The alley-oop looked easy - just like everything else after halftime for the Miami Heat.
James scored 32 points, Wade added 22 points and eight assists, and the Heat trailed by 11 early in the second half before running away to a 107-88 victory over the New Orleans Pelicans on Tuesday night. That alley-oop was one of the first salvos in what turned into a 59-26 run by the two-time defending champions.
''We're an old team, man,'' Wade said. ''It takes us a while sometimes to get the juices flowing. Playing against a lot of young teams, they come in loose, ready. We've got to get our body going a little bit.''
Chris Andersen was 7 for 7 from the field and scored 15 points, and Chris Bosh added 12 points and nine rebounds for the Heat (27-8). Wade added eight rebounds for Miami, which got 11 points from Ray Allen.
''We were able to turn the game around pretty fast,'' James said.
Anthony Davis led the Pelicans with 22 points and 12 rebounds, most of his numbers coming in the first half. Eric Gordon scored 15 and Tyreke Evans added 13 for New Orleans (15-18).
''Give them credit. They came out in the third quarter and stepped up the pressure,'' Pelicans coach Monty Williams said. ''They made a lot of tough shots but our guys, as a whole, we've got to grow up and understand that when you have a (good) half against a team, they're going to come out and attack and put pressure.''
That's precisely what happened. The Heat shot 61 percent in the third, outscoring the Pelicans 32-21 and with James nearly outscoring them by himself, putting up 16 in the period.

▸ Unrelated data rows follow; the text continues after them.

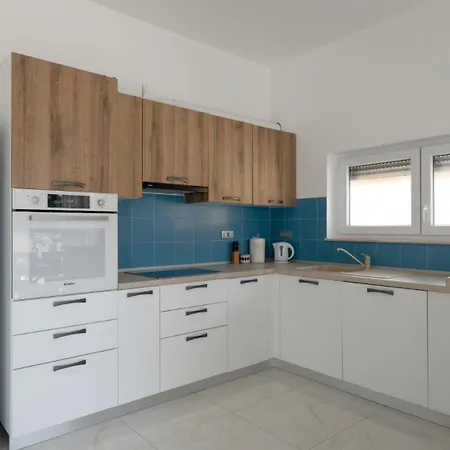 Villa Tony By Guide *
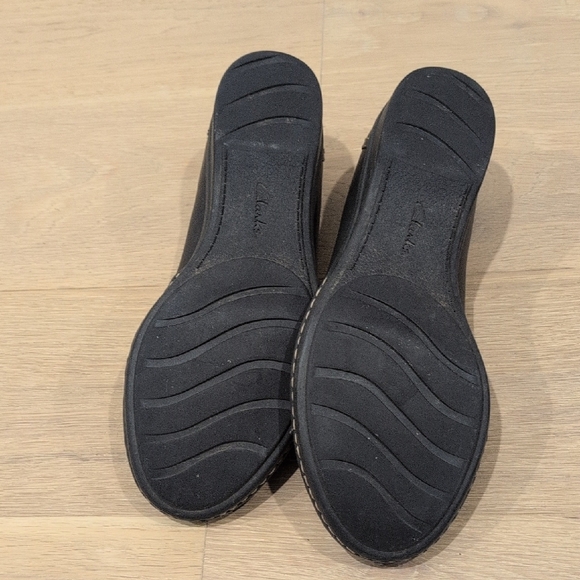 Clarks Chic Black  Leather Loafers with Stitch Detailing. Size 9.5 - Picture 3 of 6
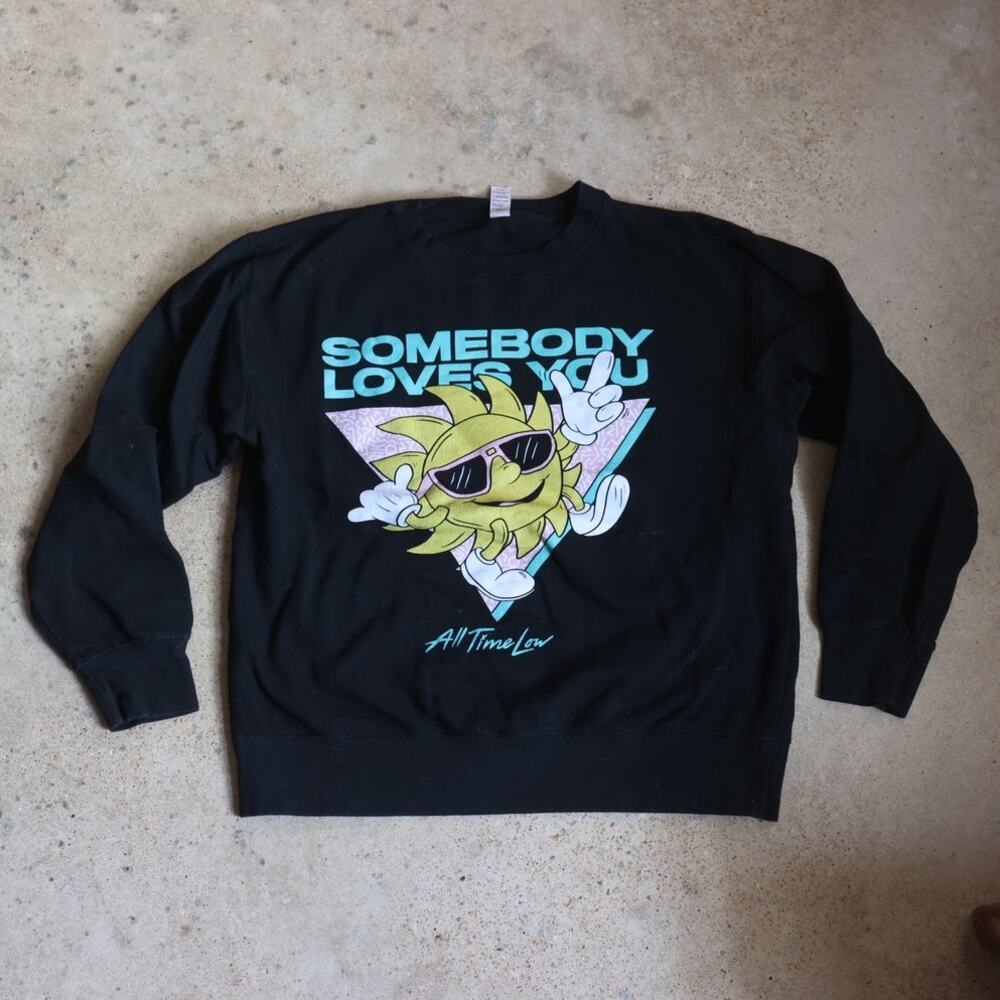 All Time Low “Somebody Loves You” Graphic Crewneck M Grunge Emo Alt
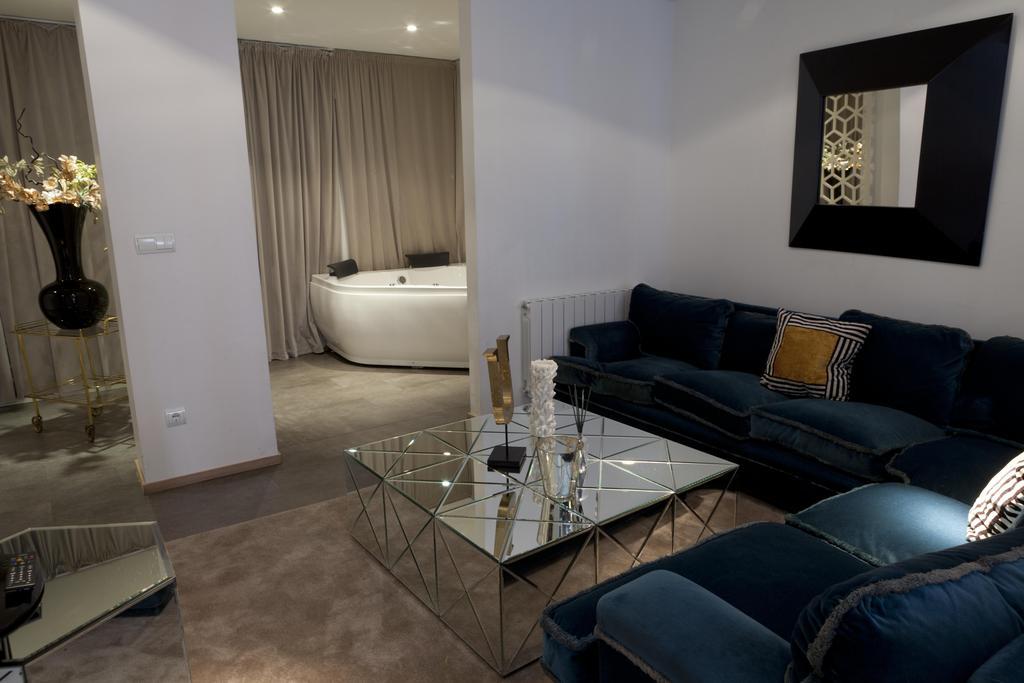 Madrid Central Gran Via Suites Bagian luar foto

And in the fourth, the Heat wasted no time taking full control. Allen's 3-pointer from the same spot where he connected with 5.2 seconds left in Game 6 of the NBA Finals started a 7-0 run to start the quarter, with the margin growing steadily from there in Miami's final game before setting out to play its next six away from home.
''I was encouraged by the second half,'' Heat coach Erik Spoelstra said. ''That's a very talented team and in the first half we couldn't quite figure it out defensively.''
It was very much a tale of two halves.
Davis had a double-double by halftime, 16 points and 10 rebounds in the opening two quarters - only the second time the 2012 No. 1 pick has managed that in his career. He was dominant with seven offensive rebounds, three steals, two blocks and 7-for-11 shooting in that half, numbers that certainly won't hurt his shot at playing in the All-Star Game in New Orleans next month.
And the Pelicans were giving Miami all it wanted. The Heat found themselves down by as many as nine in the first half and the Pelicans had a chance just before the break to push their advantage into double figures.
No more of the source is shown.